Après cette analyse secondaire des résultats de l'enquête Pratiques culturelles des Français, Roger Establet et Georges Felouzis ont choisi d'interviewer 50 personnes et d'analyser leur discours. Ces 50 personnes ont été sélectionnées délibérément pour leur atypie : chez les non-diplômés ou peu diplômés, on a rencontré des grands lecteurs, ayant par ailleurs une utilisation cultivée de la tétévision ; chez les bacheliers ont été écoutés des lecteurs qui regardent aussi beaucoup la télévision ; enfin, chez les diplômés de l'enseignement supérieur ont été choisis des lecteurs qui « critiquent la télévision tout en la regardant plus que la moyenne ».

Les entretiens ont été soumis à une analyse lexicologique qui permet de lister les mots les plus ou les moins employés. Dans les formes de la présentation de soi, la lecture appelle l'emploi du je, la télévision celui du nous. Ces termes soulignent une pratique individuelle de la première et une pratique au contraire collective, familiale et sociale de la seconde. Mais ils signent aussi des dénégations.
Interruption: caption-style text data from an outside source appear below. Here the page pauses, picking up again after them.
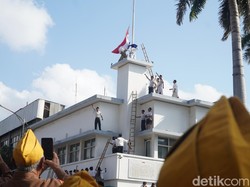 Kemeriahan Opera Kolosal Refleksi Perobekan Bendera Merah Putih Bertanya
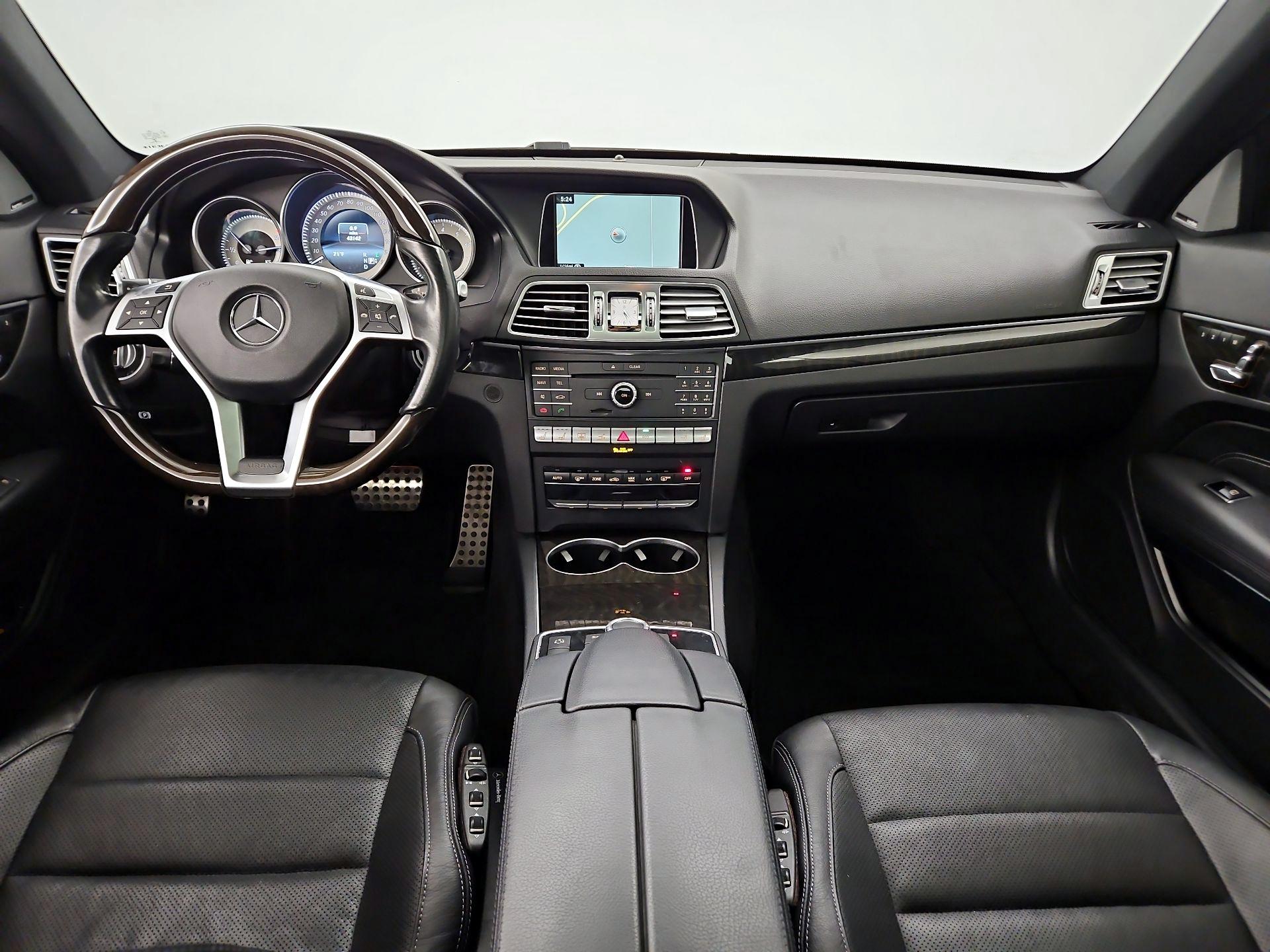 Thumbnail: 2016 Mercedes-Benz E-Class - 9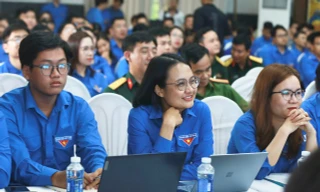 Cách nào giảm tải áp lực vô hình cho Gen Z từ không gian mạng?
L'emploi du nous ou du on est une façon d'affirmer sa distance par rapport à la télévision, aussi regardée que déniée : « Pratique et critique vont de pair ».

Les auteurs sont ainsi amenés à distinguer dans un premier temps trois groupes de personnes :
- des diplômés, qui font preuve d'un « consumérisme télévisuel cultivé », ont un usage modéré de la télévision, lisent Télérama et de la presse d'information, mais lisent aussi des auteurs contemporains et reconnus,
- des femmes inégalement diplômées, chez qui les interactions entre livre et télévision sont fortes, regardent les émissions littéraires notamment pour acheter des livres,
- des personnes peu diplômées, aux parcours souvent atypiques, associant dans leurs propos et leurs pratiques « Balzac et Sabatier », classiques scolaires et télévision populaire.
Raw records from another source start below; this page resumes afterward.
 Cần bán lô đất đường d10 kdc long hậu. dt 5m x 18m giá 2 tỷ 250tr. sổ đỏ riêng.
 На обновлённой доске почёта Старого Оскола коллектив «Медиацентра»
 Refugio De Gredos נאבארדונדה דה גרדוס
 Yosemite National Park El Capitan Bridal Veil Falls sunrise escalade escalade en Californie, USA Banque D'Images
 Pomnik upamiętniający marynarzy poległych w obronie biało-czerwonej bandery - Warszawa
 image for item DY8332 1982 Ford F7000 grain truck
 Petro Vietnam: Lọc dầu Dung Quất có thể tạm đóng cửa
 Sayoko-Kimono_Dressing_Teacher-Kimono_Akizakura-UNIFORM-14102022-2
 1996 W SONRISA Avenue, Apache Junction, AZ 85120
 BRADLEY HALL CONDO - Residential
Le cocktail et ses dosages

D'autres analyses lexicographiques conduisent ensuite les auteurs à distinguer six nouveaux groupes, « six dosages du cocktail télévision-lecture ». Les premiers, peu diplômés, se présentent comme de grands lecteurs et sont très critiques sur la télévision populaire et les émissions de variétés. Ils utilisent la télévision de manière parcimonieuse. Le deuxième groupe, peu diplômé également, privilégie la lecture documentaire, d'apprentissage et entretient le même rapport à la télévision, dont l'usage est soigneusement dosé. Le troisième groupe regarde la télévision pour se détendre et lit de la même manière, exception faite des femmes qui font l'apologie d'une lecture plus culturelle. Les personnes du quatrième groupe font preuve d'un usage très intensif de la télévision, qui reste presque constamment allumée. Et pourtant, ajoutent Roger Establet et Georges Felouzis, elles lisent et parfois même beaucoup... Le cinquième groupe est celui des lecteurs qui refusent la télévision. Ce sont en fait avant tout des lectrices, des femmes passionnées de fiction ou de toutes sortes de sujets. Enfin, le sixième groupe est au contraire formé essentiellement d'hommes regardant beaucoup la télévision et peu lecteurs.
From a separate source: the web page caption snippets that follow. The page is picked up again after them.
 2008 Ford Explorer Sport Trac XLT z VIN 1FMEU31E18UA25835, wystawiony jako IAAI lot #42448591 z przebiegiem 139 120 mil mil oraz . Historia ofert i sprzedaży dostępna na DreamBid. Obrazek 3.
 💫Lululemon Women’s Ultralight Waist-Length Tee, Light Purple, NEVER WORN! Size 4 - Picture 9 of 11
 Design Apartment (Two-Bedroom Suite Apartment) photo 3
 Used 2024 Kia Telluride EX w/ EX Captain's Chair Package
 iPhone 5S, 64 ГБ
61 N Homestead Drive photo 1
D'où, pour les auteurs, cette première conclusion : « Ce n'est pas l'usage populaire mais l'usage cultivé de la télévision qui place ce média sur le même terrain que le livre. La concurrence n'existe que chez ceux qui font un usage intellectuel de la télévision ».

Deuxième conclusion : la lecture fédère ses adeptes et annule les distances sociales, alors que la télévision les maintient : « La télévision n'homogénéise pas son public. Il en va tout autrement du livre : entre les lecteurs autodidactes et les lecteurs diplômés, les divergences liées au diplôme tendent à s'estomper ». Un lecteur peu diplômé tient peu ou prou le même type de discours « cultivé » sur ses lectures qu'un lecteur diplômé. En revanche, diplômés et non-diplômés ne parlent de la télévision ni dans les mêmes termes, ni sur le même mode : « Les diplômés transposent dans le domaine télévisuel la culture acquise à l'école : manifestation d'un sens critique, utilisation cultivée et distance à l'objet ». Enfin, le sexe et l'âge sont aussi des facteurs importants : pour les femmes, on l'a vu, « le livre occupe une place prépondérante ».

Un livre dont la lecture, aride, laisse apparaître des analyses tout en nuances.